Your output should be the complete listing, word for word, with no pictures in it.
─── Supplied data ───
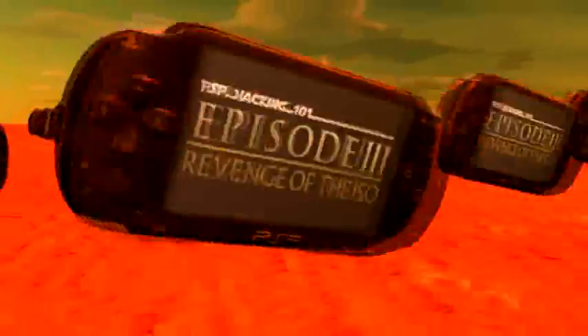PSD Hacking 101. I'm Raggable and I'm Paul, and this is PSD Hacking 101, Episode 3: Revenge of the ISO.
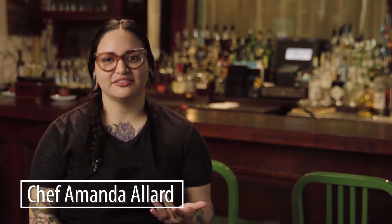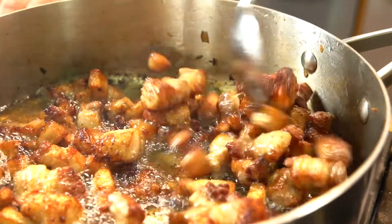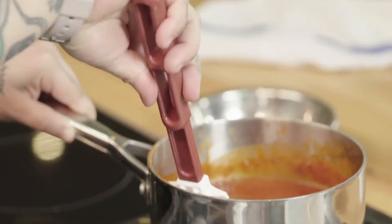I chose to do the pork belly tacos because I'm a huge fan of pork. So what we do is typically we sear it off, get it nice and crispy. I toss it in a guava hot sauce, which is just equal parts guava and crystals hot sauce and a little bit of garlic.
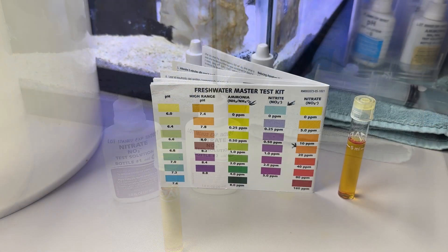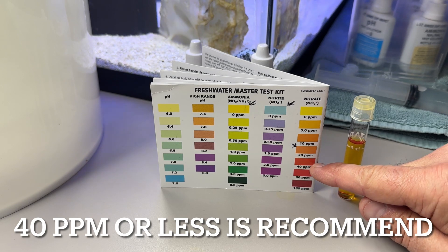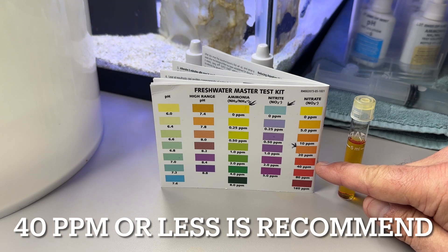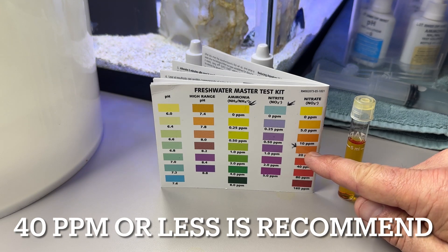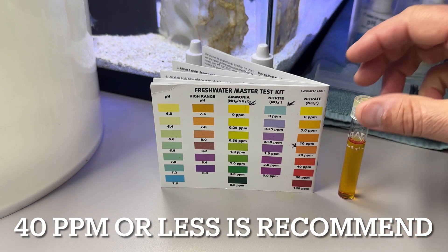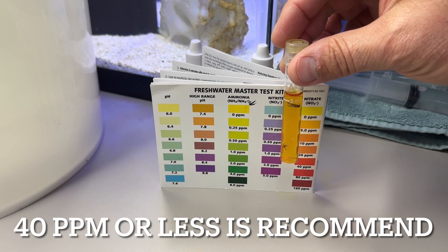Here are the nitrate test results from the kit. The goal is to have it less than 40 parts per million — the red on the right side here. I've put an arrow at 20 parts per million, that's the upper orange bar, and I'd like to keep it less than that myself.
───
- **Solution to this problem**
PSD Hacking 101. I'm Raggable and I'm Paul, and this is PSD Hacking 101, Episode 3: Revenge of the ISO.
I chose to do the pork belly tacos because I'm a huge fan of pork. So what we do is typically we sear it off, get it nice and crispy. I toss it in a guava hot sauce, which is just equal parts guava and crystals hot sauce and a little bit of garlic.
Here are the nitrate test results from the kit. The goal is to have it less than 40 parts per million — the red on the right side here. I've put an arrow at 20 parts per million, that's the upper orange bar, and I'd like to keep it less than that myself.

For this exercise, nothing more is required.